Die Abschlusseffizienz von Assan Ceesay war in der Vorrunde sicherlich so hoch wie noch nie. Tosin war hingegen bereits in der Vorrunde 19/20 diesbezüglich auf dem heutigen Niveau und hatte letzte Saison eine massive Flaute. Marchesano und Kramer haben sich bezüglich Effizienz saisonübergreifend zuletzt kontinuierlich leicht gesteigert. Mirlind Kyeziu war in der Rückrunde 19/20 (mit einer Phase von einem Monat mit starken Kololli-Standards direkt nach dem Lockdown) noch leicht effizienter als heute.
Brecher über weite Strecken in jedem zweiten Spiel an einem Tor beteiligt
Zivko Kostadinovic war in der ganzen Vorrunde an keinem Tor beteiligt. Die Abschlussbeteiligungen von Yanick Brecher stiegen nach der Mitte der Vorrunde auf zeitweise über 2,5 pro Spiel und die Torbeteiligungen gegen Weihnachten auf 0,6 pro Partie.
Kamberi trotz Kopfballtor offensiv wenig produktiv
Die Abschluss- und Torbeteiligungen der Innenverteidiger, vor allem von Mirlind Kryeziu, waren in der Phase auf das Cupspiel in Yverdon und die anschliessende Heimpartie gegen Basel hin am höchsten. Der Zentrale Verteidiger war im Peak an 1,6 erzielten Toren pro Partie beteiligt. Lindrit Kamberi hatte hingegen bisher trotz seines Kopfballtores gegen St.
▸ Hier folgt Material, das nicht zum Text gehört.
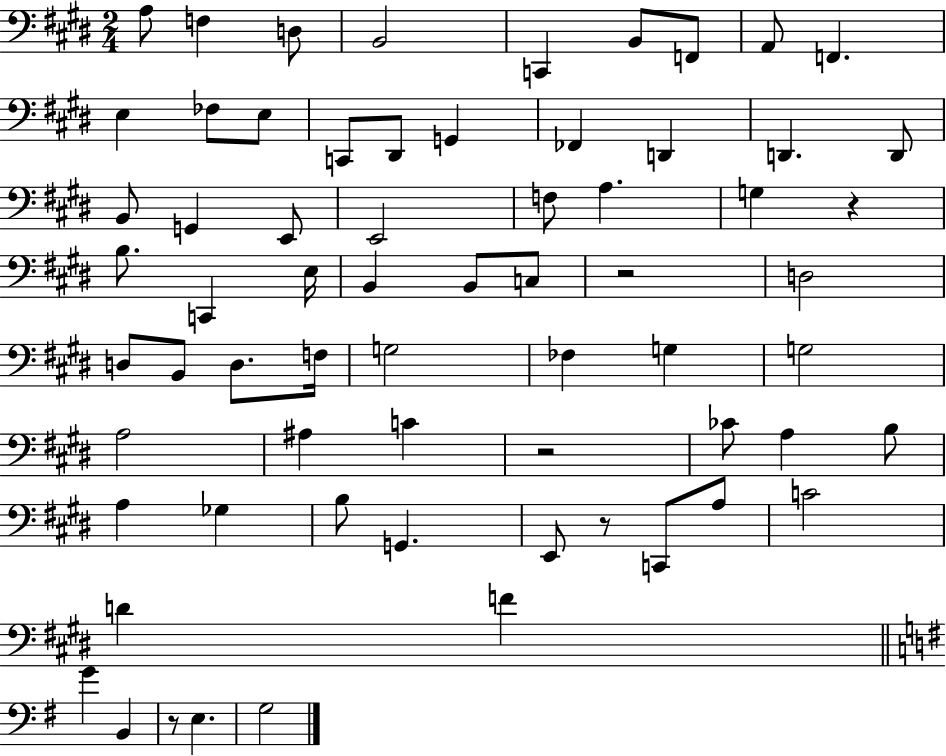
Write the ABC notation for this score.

X:1
T:Untitled
M:2/4
L:1/4
K:E
A,/2 F, D,/2 B,,2 C,, B,,/2 F,,/2 A,,/2 F,, E, _F,/2 E,/2 C,,/2 ^D,,/2 G,, _F,, D,, D,, D,,/2 B,,/2 G,, E,,/2 E,,2 F,/2 A, G, z B,/2 C,, E,/4 B,, B,,/2 C,/2 z2 D,2 D,/2 B,,/2 D,/2 F,/4 G,2 _F, G, G,2 A,2 ^A, C z2 _C/2 A, B,/2 A, _G, B,/2 G,, E,,/2 z/2 C,,/2 A,/2 C2 D F G B,, z/2 E, G,2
Gallen vergleichsweise wenig Abschlussbeteiligungen pro 90 Minuten. Er bewegt sich im Spielaufbau nicht auf dem Niveau der anderen drei Innenverteidiger und fokussierte sich in erster Linie auf seine Defensivaufgaben. Fidan Aliti hat nach einem offensiv wenig produktiven Start ab Mitte Vorrunde Becir Omeragic vor allem bezüglich Torbeteiligungen überholt.
Rohners engagierte Teileinsätze vs. Boranijasevics Spielintelligenz
Fabian Rohner schraubte zum Ende der Vorrunde mit seinen Teileinsätzen gegen Luzern und in Lausanne seine Quote an Abschlussbeteiligungen auf über 20 pro 90 Minuten, auch bezüglich Torbeteiligungen war er eine Zeit lang unter den Aussenläufern vorne. Dass Guerrero an mehr Abschlüssen beteiligt war als Boranijasevic erklärt sich durch die vielen Standards. Boranijasevic hatte aber trotzdem über weite Strecken eine höhere Torbeteiligung pro 90 Minuten als der Spanier. Der Serbe bringt ein gewisses Gespür und Spielintelligenz für die entscheidenen Situationen mit.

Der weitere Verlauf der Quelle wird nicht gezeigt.